Analysis of the test results sheds light on the use of acoustic emission for better understanding of hydraulic fracturing. Also, self-potential analysis indicates SP response was mainly controlled by electrokinetic coupling and the impact of thermoelectric coupling on recorded SP is negligible as demonstrated in some field observations and modeling while the fluid concentration (salinity) has a great influence on the SP response compared with temperature gradient when the concentration contrast between the injection fluid and the pore fluid is large due to the streaming potential coefficient reduction by the high concentration liquid. The heat circulation test shows that it is the effective fracture area instead of the total fracture area that controls the heat mining in EGS and thus the distance between injection/production wells or the location of the producer(s) and flow path tortuosity need be optimized to increase the effective heat exchange area in reservoir stimulation practice and the heat mining should be operated in a proper way to avoid well competition when multiple producers are connected to the same injection well by natural/man-made fractures. Excessive fracture propagation and high injection pressure was avoided during circulation tests by increasing the injection rate step by step. The cooling effect of the rock matrix i.e., increased fracture conductivity and lowering of the injection pressure is clearly manifested in the circulation experiments.
As the first lab-scale tracer test on EGS, the obtained result was promising. The existing of two linear tracer tail was observed in Sierra White granite test and tracer result does show a good correlation between hydraulic conductivity and the tracer concentration response. The impact of rock texture was observed. What’s more, the test result could provide some useful guide for future lab-scale tracer test deign. Low permeability rock is recommended for tracer test to minimize leakage of tracer fluid into the rock matrix and also improve the fluid recovery. Low injection rate will increase the tracer time the in the fracture while proper tracer candidate with low-concentration detectability is required.

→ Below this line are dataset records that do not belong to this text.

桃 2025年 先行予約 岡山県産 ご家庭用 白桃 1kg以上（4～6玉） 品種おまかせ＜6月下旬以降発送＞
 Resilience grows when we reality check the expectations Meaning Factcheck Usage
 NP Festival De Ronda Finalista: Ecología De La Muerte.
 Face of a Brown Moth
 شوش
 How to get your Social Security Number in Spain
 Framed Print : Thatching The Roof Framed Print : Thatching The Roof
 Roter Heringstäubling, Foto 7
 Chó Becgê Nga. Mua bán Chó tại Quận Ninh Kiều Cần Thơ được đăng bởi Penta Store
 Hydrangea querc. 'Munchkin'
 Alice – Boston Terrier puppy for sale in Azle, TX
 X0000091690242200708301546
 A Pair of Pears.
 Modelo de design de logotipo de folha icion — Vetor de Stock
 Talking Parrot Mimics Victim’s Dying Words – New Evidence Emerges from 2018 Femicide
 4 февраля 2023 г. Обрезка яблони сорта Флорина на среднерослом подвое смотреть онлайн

Since the in-situ permeability of most of the dry hot rocks is not high enough to support the water injection with sufficient rate, reservoir stimulation by hydraulic fracture is usually applied. Considering the comment presence of natural fractures in the underground rocks, it is of importance to analyze the interaction between the hydraulic fracture and natural fracture. Analog experiments were conducted to investigate the interaction between a natural fracture and a hydraulic fracture with focus on slippage on the natural fracture or a bedding plane discontinuity due to an approaching hydraulic fracture. The tests were conducted on 101.6 mm diameter cylinder samples with a horizontal wellbore. The test materials included PMMA, shales, and Sierra White granite. Injection pressure, deviator stress, acoustic emission and the sample deformation are monitored during the test. In all the reported tests, the displacement calculated from the measured strain across the joint clearly shows a jump subsequent to pressure breakdown, and is accompanied by increased AE activity and decreased deviator stress. The displacement jump (slippage) across the joint with decreased deviatoric stress and AE activities on the joint from show that the hydraulic fracture caused slip of the saw-cut fractures even before reaching them. Analysis of the data clearly shows the occurrence of slippage on the joint in response to an approaching hydraulic fracture. The slippage due to the increased pore pressure on the natural fracture was also observed. Before the induced fracture reached the natural fracture, different degree of slippage (0.085mm ~ 0.11 mm) was obtained from these tests with various amount of deviator stress drop (0.14 MPa~ 0.6 MPa). Expectedly, the degree of shear slip varies with natural fracture dip, and friction angle and the differential stress. It is also observed that the pore pressure increase on the natural fracture by the encroaching hydraulic fracturing triggered larger slip on the natural fracture. | en_US |